Within the listing that follows, reproduce exactly the lines starting at the line with "Uống trà đào" and ending at the line with "4130 Fox Creek Drive W, Eight Mile, AL 36613", inclusive, and only those. Pictures are dropped.

Task inputs =>

= = = =

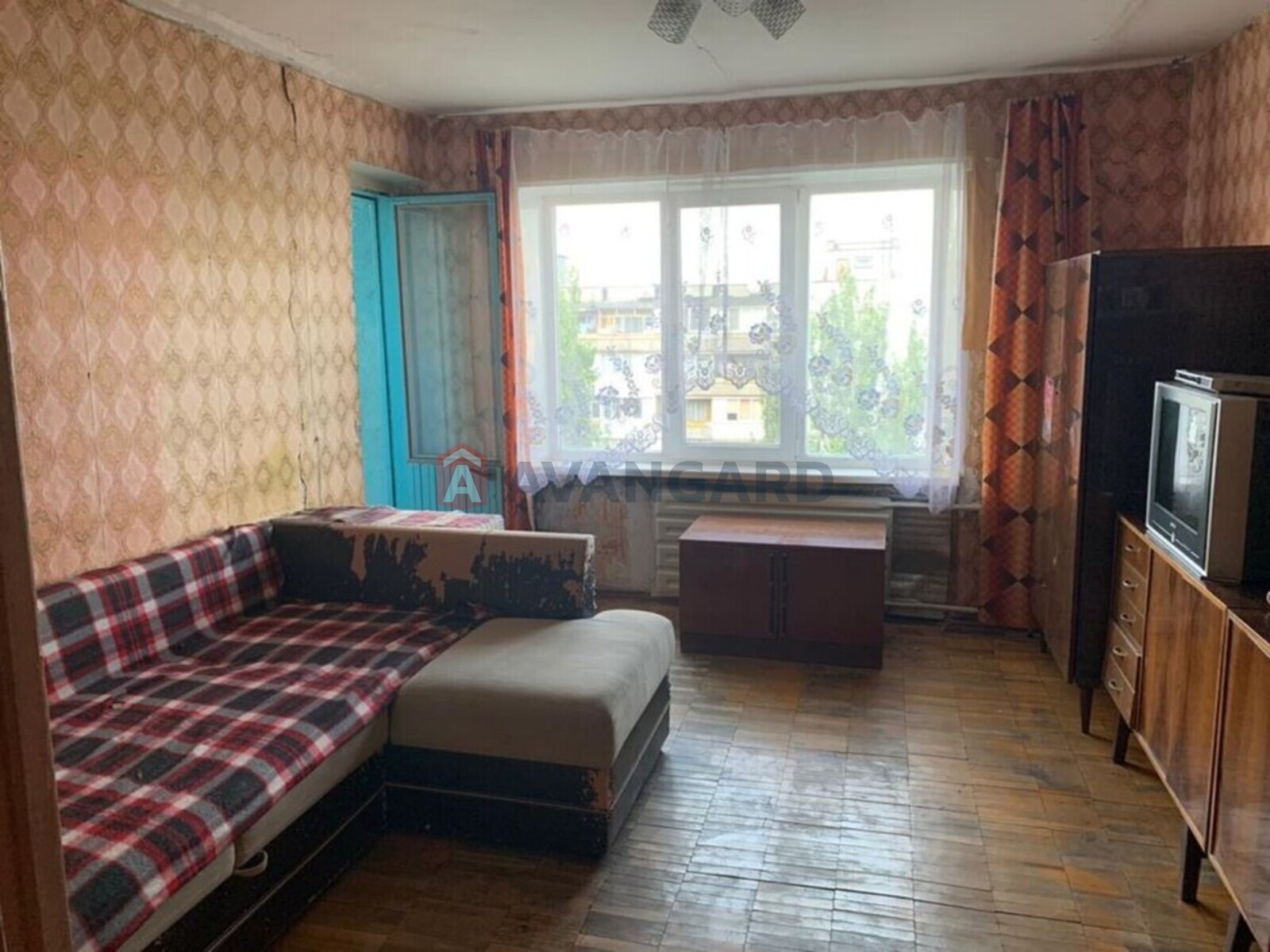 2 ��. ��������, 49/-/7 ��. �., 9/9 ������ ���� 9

= = = =

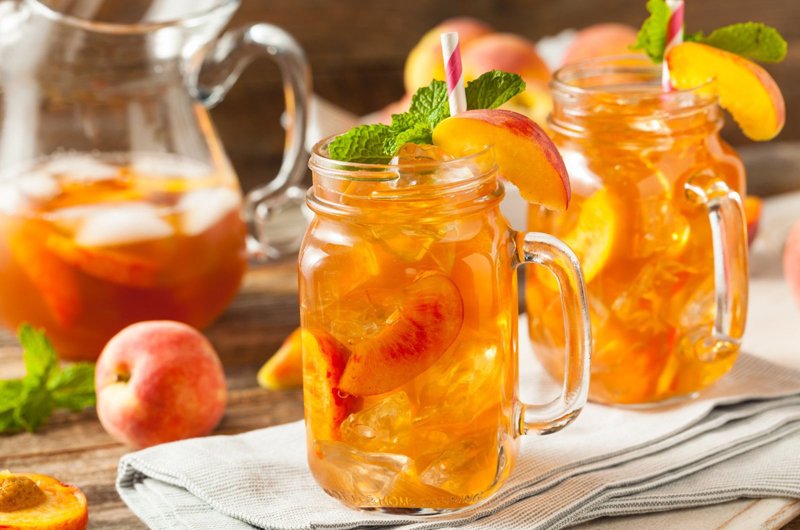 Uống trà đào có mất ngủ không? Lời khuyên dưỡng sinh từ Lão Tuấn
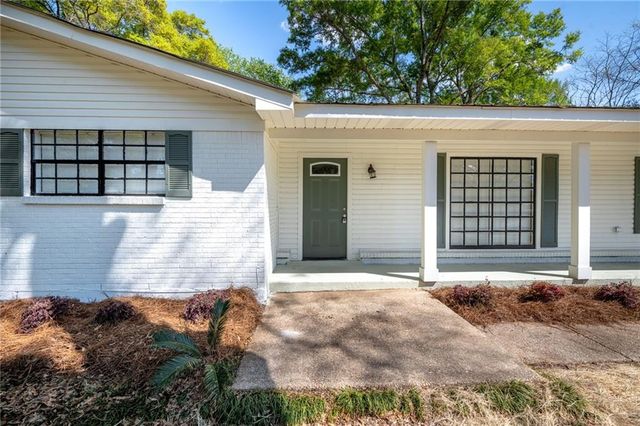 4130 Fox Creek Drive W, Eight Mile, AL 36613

= = = =

Your solution =>
 Uống trà đào có mất ngủ không? Lời khuyên dưỡng sinh từ Lão Tuấn
 4130 Fox Creek Drive W, Eight Mile, AL 36613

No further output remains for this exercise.